The data type of the `Id` member in the `ScoredPoint` class may need to be changed to `int`. #794

Closed AwesomeYuer closed 1 year ago

AwesomeYuer commented 1 year ago

Describe the bug The data type of the Id member in the ScoredPoint class may need to be changed to int.

https://github.com/microsoft/semantic-kernel/blob/562ab5bc63ec4043fe6c797145e326934ce61639/dotnet/src/Connectors/Connectors.Memory.Qdrant/Http/ApiSchema/SearchVectorsResponse.cs#L14

To Reproduce


    public async Task qdrant_SK_Http_HNSW_index_Cosine_50_ProcessAsync()
    {
        QdrantMemoryStore memoryStore =
                new QdrantMemoryStore
                            (
                                GlobalManager.SelfHostQdrantHttpConnectionString
                                , 6333
                                , vectorSize: 4
                                //, ConsoleLogger.Log
                            );
        IKernel kernel = Kernel.Builder
            //.WithLogger(ConsoleLogger.Log)
            .Configure
            (
                c =>
                {
                    c.AddOpenAITextCompletionService("text-davinci-003", "123");
                    c.AddOpenAITextEmbeddingGenerationService("text-embedding-ada-002", "123");
                }
            )
            .WithMemoryStorage(memoryStore)
            .Build();

        var MemoryCollectionName = "small";
       //bug here!!!!!!!!!!!!!!!!!!!!!!!!!!!!!!!!!!!!!!!!!!!!
        var searchResults = kernel
                                .Memory
                                .SearchAsync
                                        (
                                            MemoryCollectionName
                                            , "My favorite color is orange"
                                            , limit: 20
                                            , minRelevanceScore: 0.8
                                            , withEmbeddings: true
                                        );

        await foreach (var item in searchResults)
        {
            //Console.WriteLine(item.Metadata.Text + " : " + item.Relevance);
            _ = item.Relevance;
        }
    }

Expected behavior A clear and concise description of what you expected to happen.

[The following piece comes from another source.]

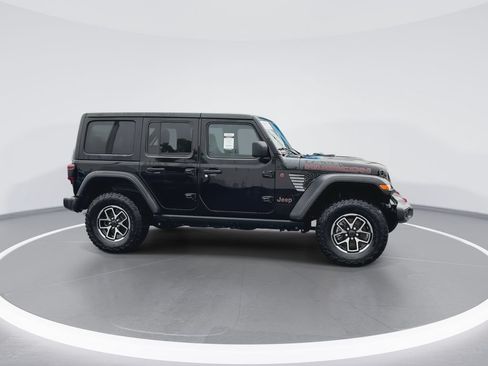 Used 2024 Jeep Wrangler Unlimited Rubicon w/ Technology Group AWD/4WD image 9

Screenshots If applicable, add screenshots to help explain your problem. image

image

Desktop (please complete the following information):

Additional context Add any other context about the problem here.

tawalke commented 1 year ago

@AwesomeYuer Qdrant definition for Points object allows for both 64-bit integers and UUID strings

image

image

You can look at the ExtendedPointId object here: https://github.com/qdrant/qdrant/blob/master/src/common/points.rs image

AwesomeYuer commented 1 year ago

@tawalke Thanks for your feedback in advance. I think it would be better to support both int id and string uuid when deserializing as a string Id property from JSON.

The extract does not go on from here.